I dipendenti, ritenendo i periodi di guardia configurabili quali periodi di lavoro straordinario, eccepivano in primo e in secondo grado la nullità degli artt. 18 e 54 delle Condizioni di impiego contenute nella Normativa per il Personale Civile non Statunitense delle Forze Armate USA, recanti rispettivamente disposizioni in merito all’orario di lavoro e alle maggiorazioni retributive per gli addetti a servizi antincendio assegnati a turni di 24 ore. Conseguentemente, chiedevano la condanna del datore di lavoro alla modifica della turnazione di lavoro e alla corresponsione delle maggiorazioni previste per il lavoro straordinario per le 8 ore di prestazione notturna svolte per ogni turno di lavoro, con detrazione dell’indennità di pernottamento percepita.
 
I ricorrenti, soccombenti in primo e in secondo grado, adivano dunque la Suprema Corte, sostenendo l’erroneità e contraddittorietà della motivazione fornita dalla Corte d’Appello relativamente all’interpretazione della nozione di orario di lavoro prevista dalla legge (art. 1 del d.lgs. n. 66/2003), dalla quale portata aveva escluso il periodo di reperibilità trascorso presso il datore di lavoro.
 
Difatti, la Corte di seconde cure aveva qualificato il pernottamento dei soggetti presso il luogo di lavoro quale periodo di riposo intermedio e non quale orario di lavoro.
 
A fronte delle argomentazioni della Corte d’Appello i ricorrenti richiedevano l’adeguamento del giudice nazionale all’orientamento della Corte di Giustizia in merito alla nozione di “orario di lavoro”. La definizione eurounitaria trae origine dalle disposizioni della direttiva 2003/88/CE, che opera una dicotomia tra tempo di lavoro e tempo di riposo e non prevede alcun tertium genus rispetto alle due fattispecie. In tal senso, i periodi di reperibilità svolti nei luoghi indicati dal datore di lavoro e consistenti nel rendersi immediatamente disponibili alla prestazione in caso di necessità vengono qualificati quali orario di lavoro.
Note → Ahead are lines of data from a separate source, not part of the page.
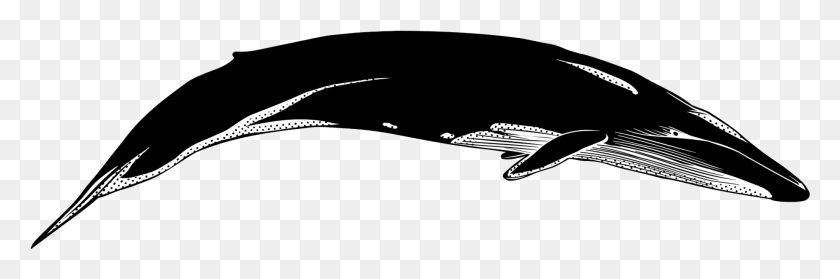 1845x520 Кит И Дельфины Сохранение Китов Китообразные Кит Синий Кит Силуэт, Лук, На Открытом Воздухе, Природа Hd Png Скачать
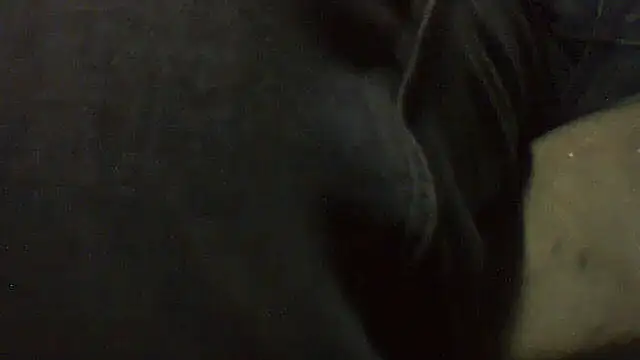 pietje1991 Webcam Show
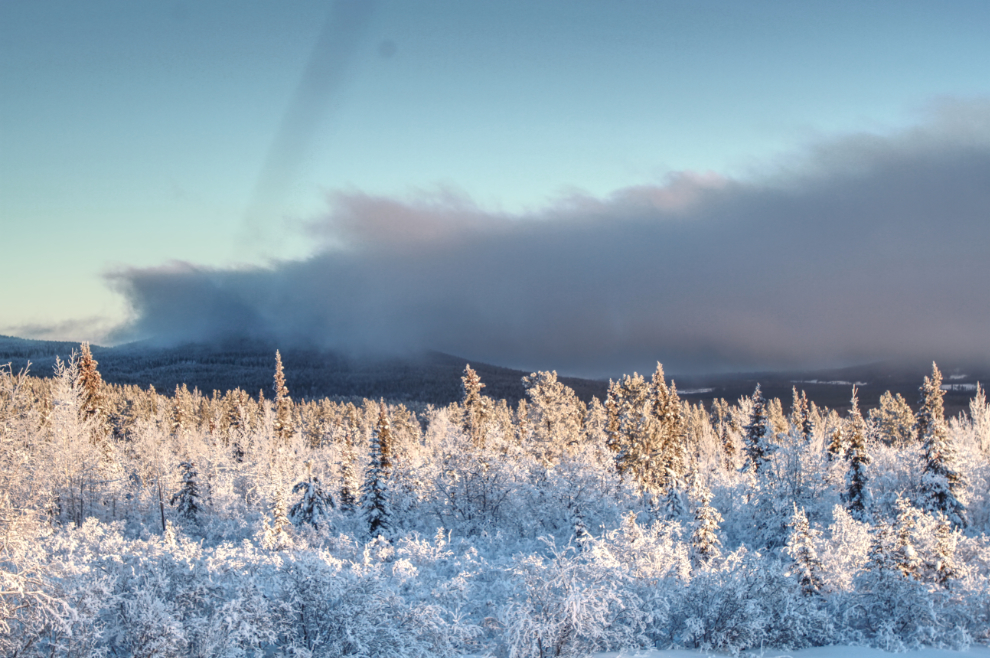 Hoar frost and fog on the Fish Lake Road, Whitehorse, Yukon
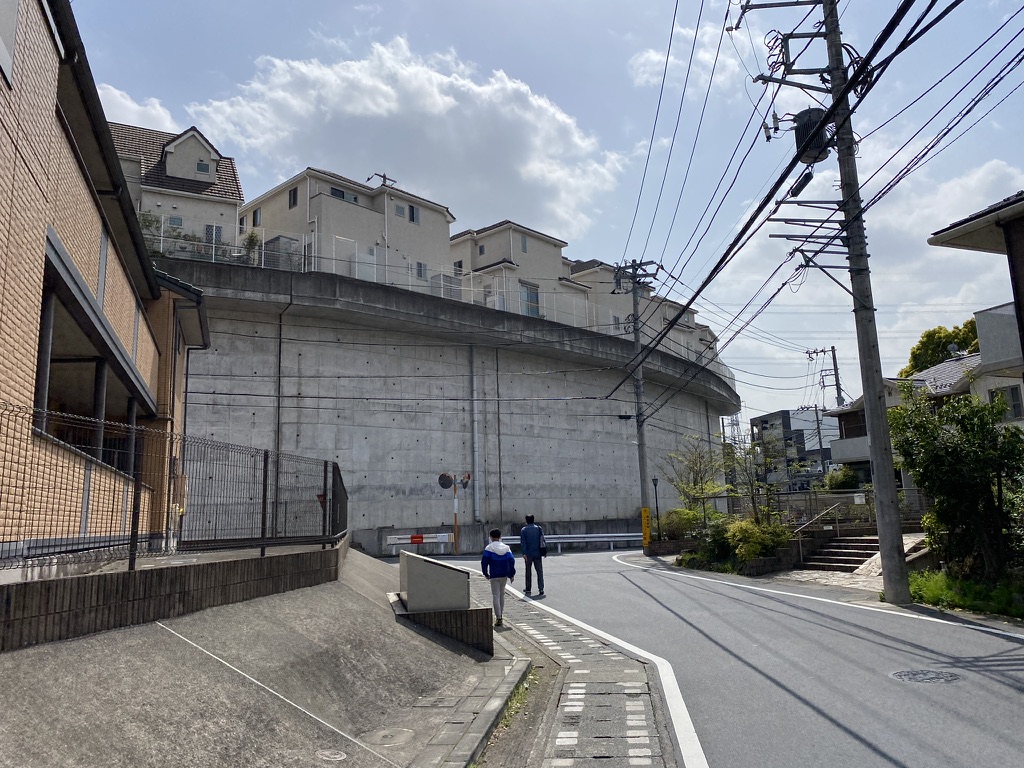 f:id:TrpFrog:20210403014239j:plain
All’interno dell’obbligo di reperibilità la giurisprudenza costante della Corte di Giustizia ricomprende le ipotesi dei periodi di guardia svolti all’interno della caserma indipendentemente dalle prestazioni eventualmente effettuate.
 
La Corte di Cassazione nel decidere il caso sub iudice rigetta il ricorso nonostante la ricostruzione della normativa eurounitaria e dell’orientamento della giurisprudenza UE in materia operata dai ricorrenti sia da ritenersi corretta.
 
La soluzione prospettata dal giudice di legittimità deriva dalla considerazione per cui il periodo notturno di guardia svolto all’interno del luogo di lavoro è sicuramente qualificabile come orario di lavoro in ottemperanza al diritto comunitario e alla disciplina nazionale di riferimento, tuttavia tale conclusione non determina necessariamente la corresponsione della retribuzione da lavoro straordinario.
 
La direttiva eurounitaria nulla prevede per quanto riguarda le modalità di retribuzione dei lavoratori con obbligo di reperibilità rimettendone la determinazione al diritto dei singoli Stati Membri.
 
Nel caso de quo viene dunque in rilievo la contrattazione collettiva in materia rappresentata dagli artt. 18 e 54 della Normativa per il Personale Civile non Statunitense delle Forze Armate U.S.A. in Italia che prevede la differenziazione nell’ambito del periodo di guardia tra i periodi in cui sono state effettuate delle prestazioni di lavoro e quelli durante cui non è stato prestato alcun lavoro effettivo.
 
Nell’ipotesi prospettata dai ricorrenti non viene di regola svolto alcun lavoro effettivo e per tale ragione, a detta della Corte la corresponsione di un’indennità di pernottamento è sufficiente a soddisfare l’obbligo retributivo in capo al datore di lavoro, per le ore di guardia prestate dai dipendenti, non ostando a ciò né la disciplina comunitaria né quella nazionale di recepimento.